Math Help Forum - View Single Post

wik_chick88 · #4 September 17th, 2008, 09:02 AM

Quote:

Originally Posted by ThePerfectHacker

This is a way to approach this problem.

Let $G$ be the group of all trasformations of the octahedron. In the other thread it was shown that $|G| = 48$ . And $X$ set of all colorings (even the possibly similar one).
Now put these symettries into conjugacy classes which can be found here. For each conjugacy class, say 90 degree rotation, find which elements in $X$ are fixed and how many of them. This number gets multipled by six since there are 90 degree rotations. And go through each class.
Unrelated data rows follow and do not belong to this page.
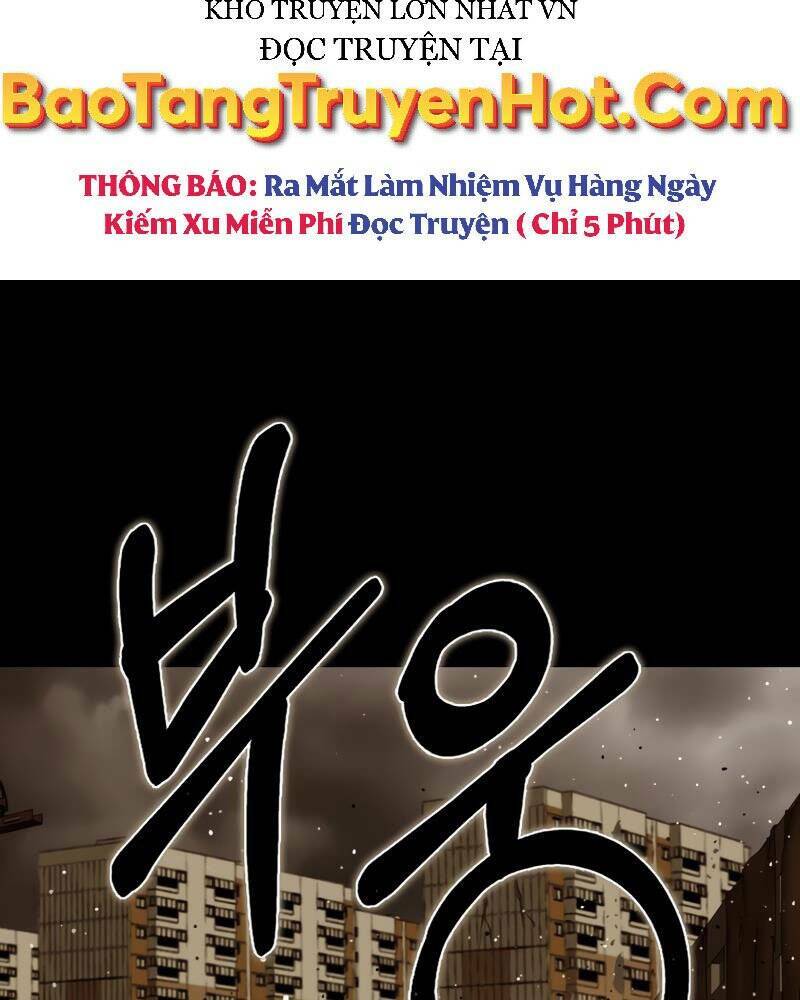 Cánh Cổng Mở Ra Đúng Ngày Đầu Tiên Tôi Thành Chính Trị Gia: Chapter 25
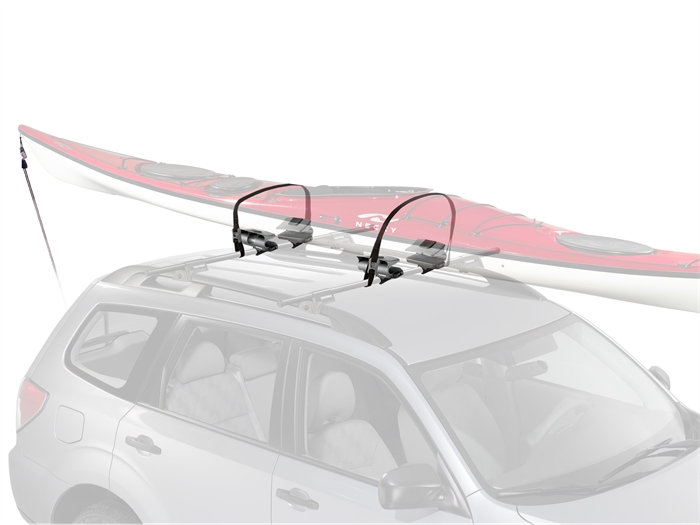 yakima kayak racks, yakima canoe racks, yakima truck racks, akron, ohio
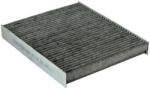 Denckermann Filtru, aer habitaclu DENCKERMANN M110115 (M110115)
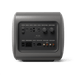 KEF - KC62 - Subwoofer Australia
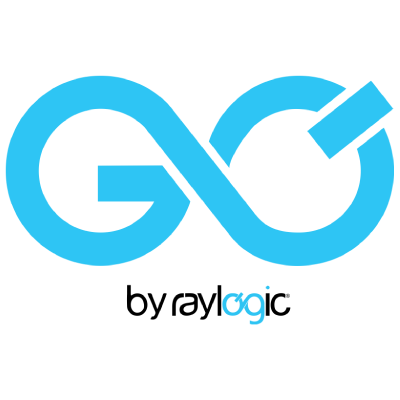 Goautomate Logo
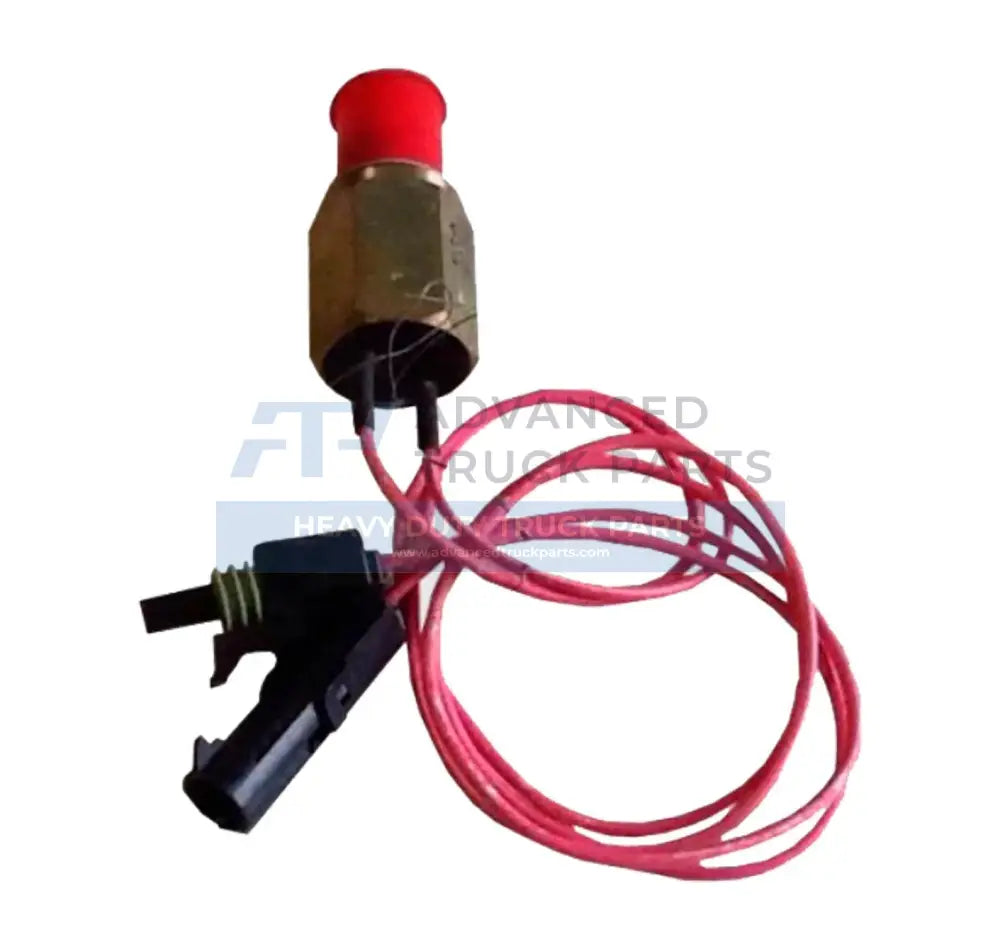 29511981 Genuine Allison Neutral Safety Switch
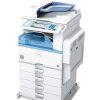 may-photocopy-ricoh-aficio-2550b-100x100 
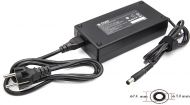 ���� �������� PowerPlant Dell 220V, 19.5V 180W 9.23A (7.4*5.0)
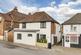 St. Johns Hill, Sevenoaks, Kent, TN13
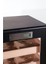 Humidor 4
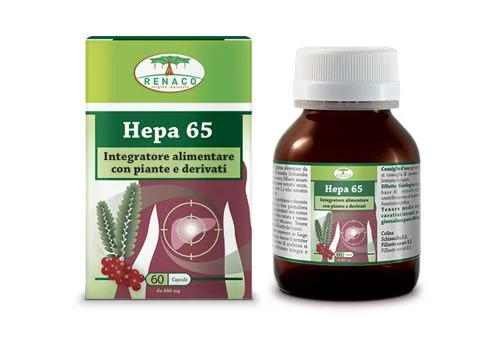 pharmasi1081838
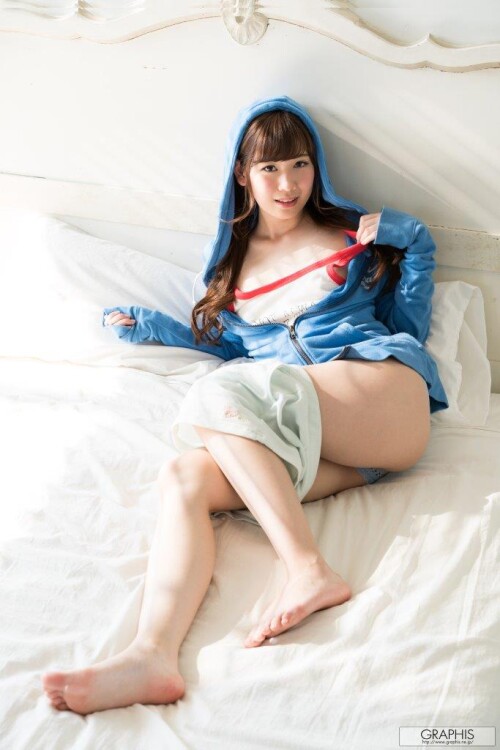 140449eee46gcgseeh5s4130dbc594e31a338d.jpg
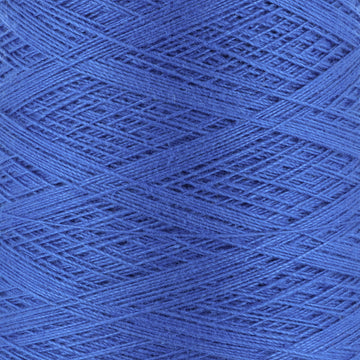 Nautical Blue (2550)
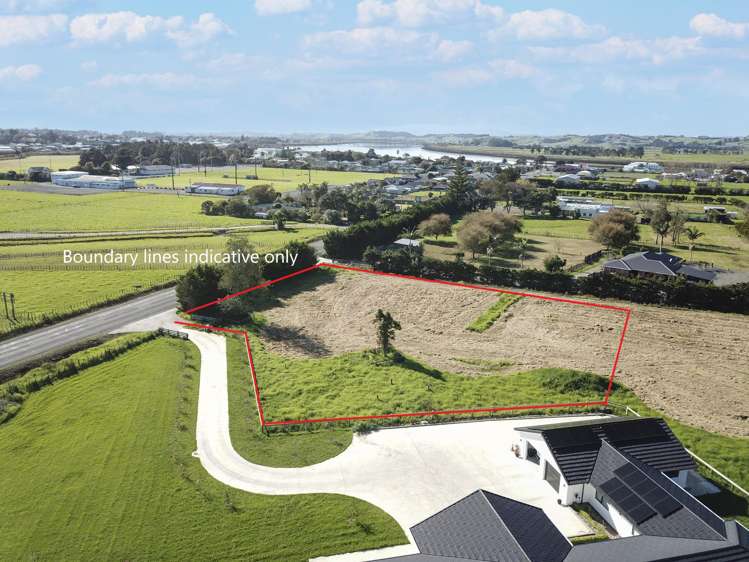 76A Murdoch Street Dargaville_3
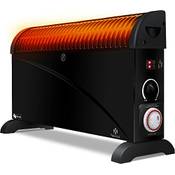 Kesser KEK2000W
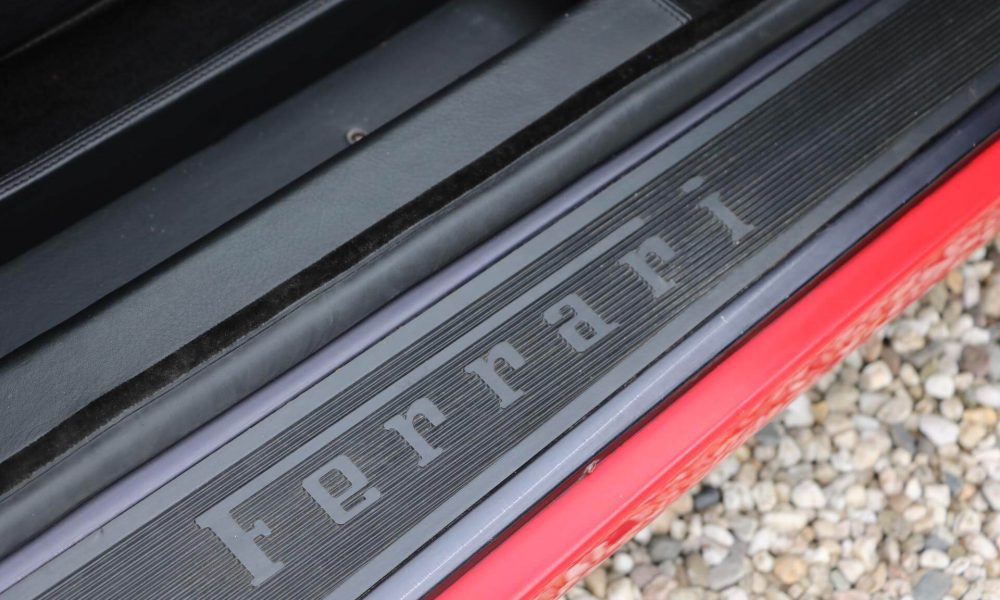 1994-ferrari-512-tr-40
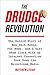 The Drudge Revolution by Matthew Lysiak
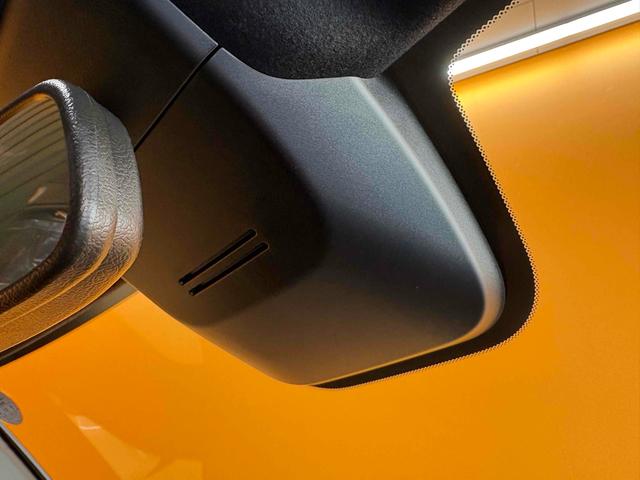 ステップワゴン スパーダ バックカメラ クリアランスソナー オートクルーズコントロール レーンアシスト 両側電動スライドドア オートライト 電動リアゲート スマートキー 電動格納ミラー シートヒーター 3列シート(73枚目)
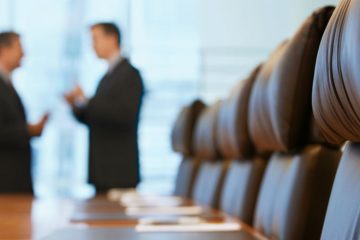 Data Breach Discussion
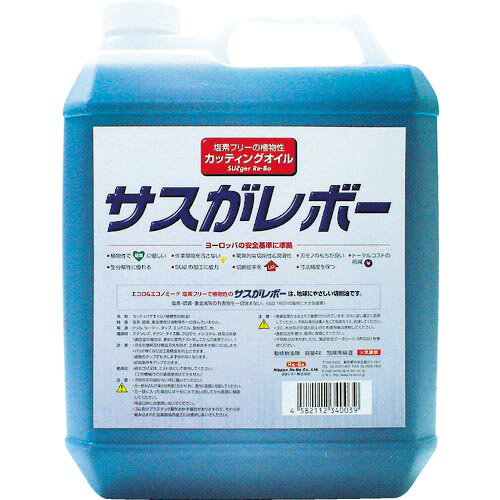 ��ץ� ��ʪ���ں��� ��������ܡ� 4L ( 6001CL ) ������������&������ǥ���(��)��ץ�������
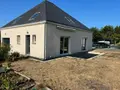 Maison a vendre Riantec 56670 Morbihan 56 128 m2 5 pièces 363608 euros 56083-1156 003
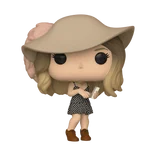 Alexis Rose #976 Funko Pop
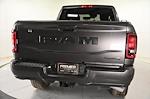 New 2025 Ram 2500 Lone Star Crew Cab 4x4 Pickup for sale #SG554052 - photo 7
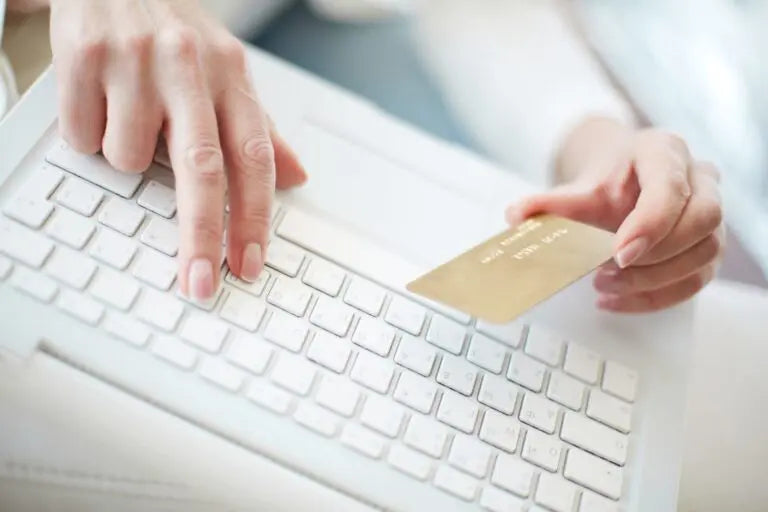 How Visa Debit Card Works- Difference Between The US And Canada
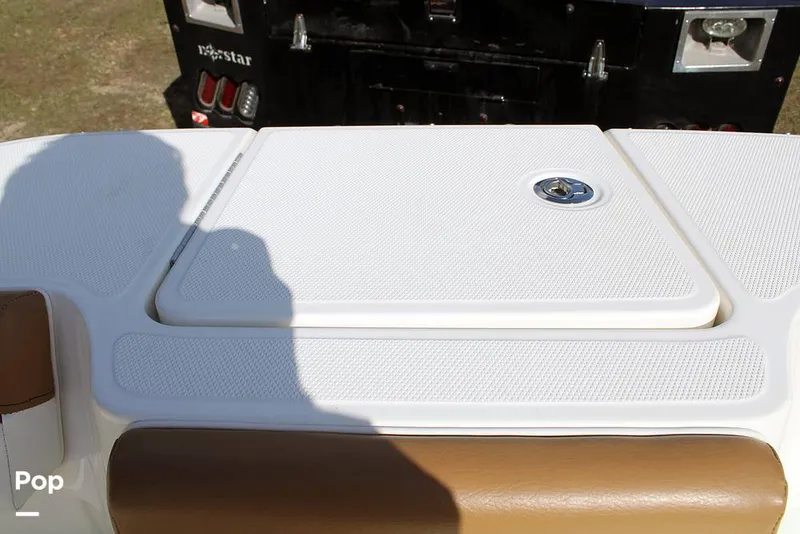 Slide: The Image of Bayliner DX 2000 2023 - 13746586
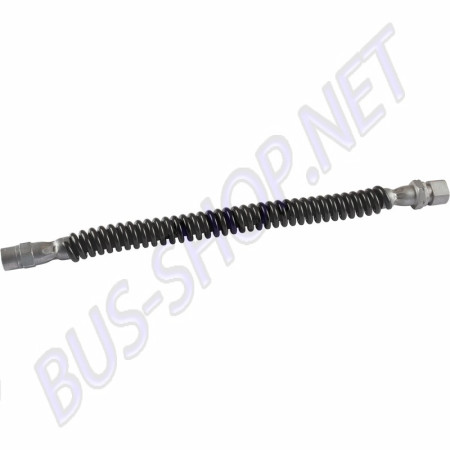 Durite de frein flexible arrière, flexible arrière, Porsche 911, modèle 02/84-07/89, référence 91135508700.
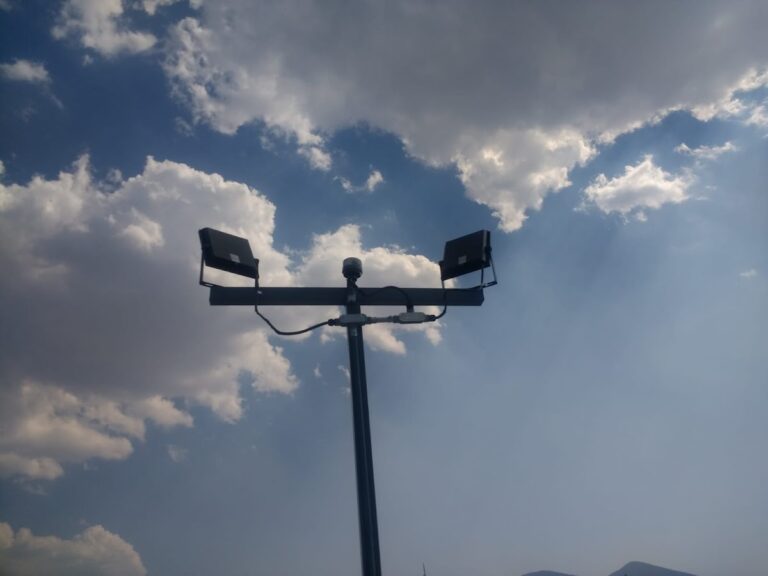 7788 ener g aires acondicionados e instalaciones electricas 768x576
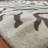 Indo Wool Animal Print Indoor Rug-15393091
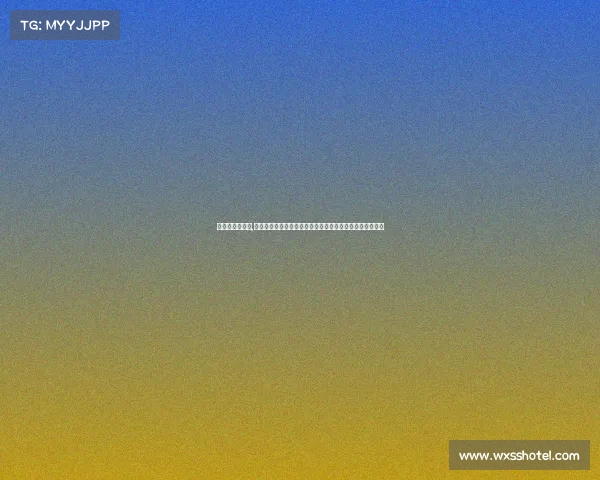 英格兰大赛名次,英格兰足球各项赛事含金量深度解析联赛杯赛价值对比探究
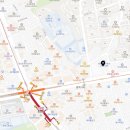 POWER9 복싱짐 이미지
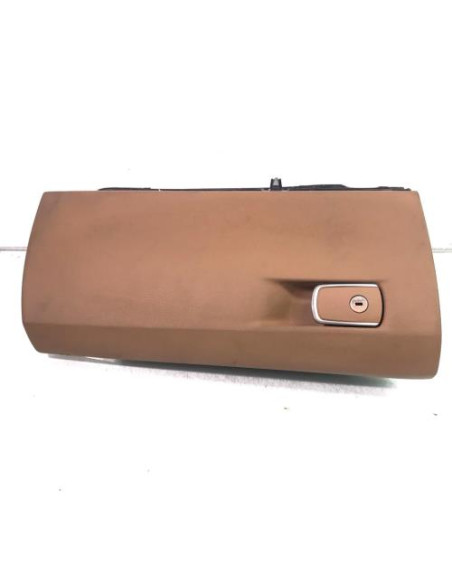 Boite a gants BMW SERIE 3 F31 TOURING PHASE 1 BREAK Diesel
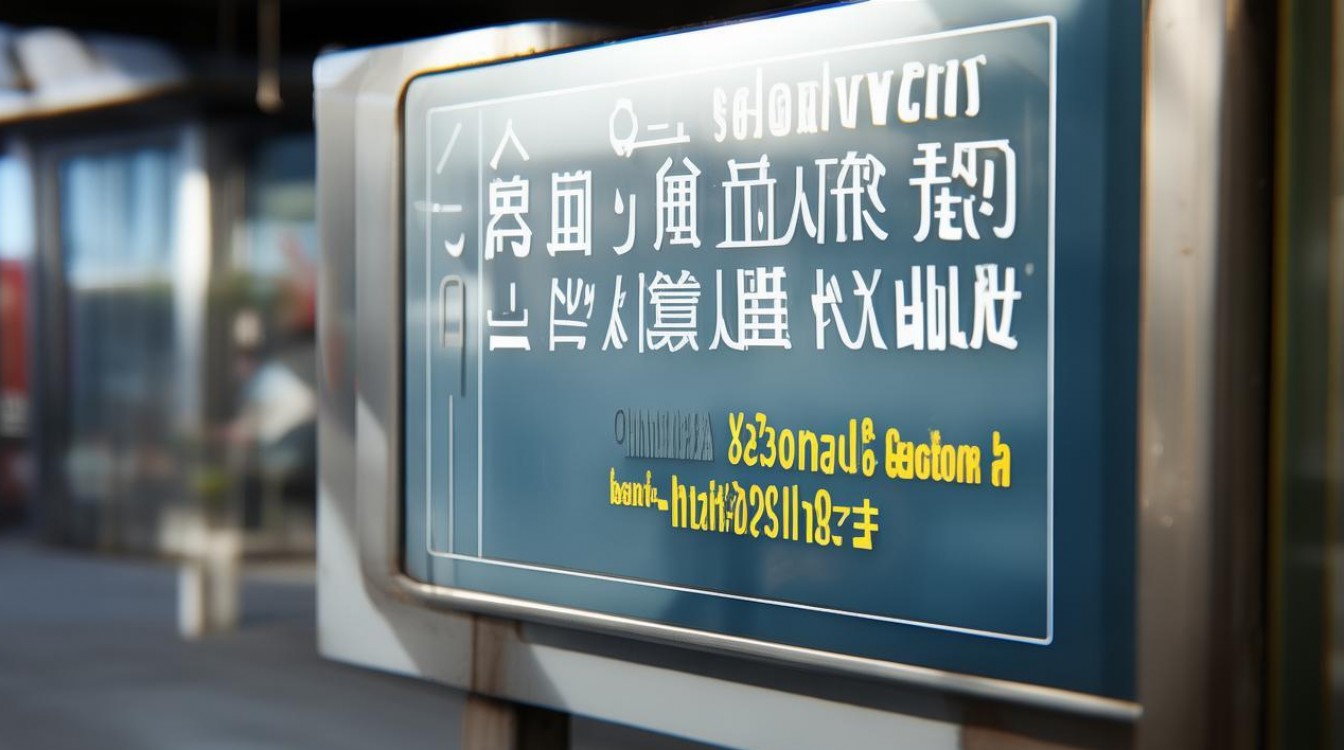 启迈斯信阳维修点在哪？-第2张图片-DC维修站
After you done the hard part the rest follows by Burnside's lemma - be sure to look at the example with the cube in that link, it is very similar.

ok im not SO much confused anymore. ive made my own little octahedron and figured out the conjugacy classes:
- 1 identity
- 9 vertex rotations (90degrees)
- 6 edge rotations (180 degrees)
- 8 face rotations (4 of which are 120 degrees and 4 of which are 240 degrees)
i still dont know how to work out which and how many elements in $X$ are fixed. i understand burnside's lemma buttttt i dont know how many of the $3^8$ elements are unchanged in each conjugacy class...PLEASE HELP?!?!?!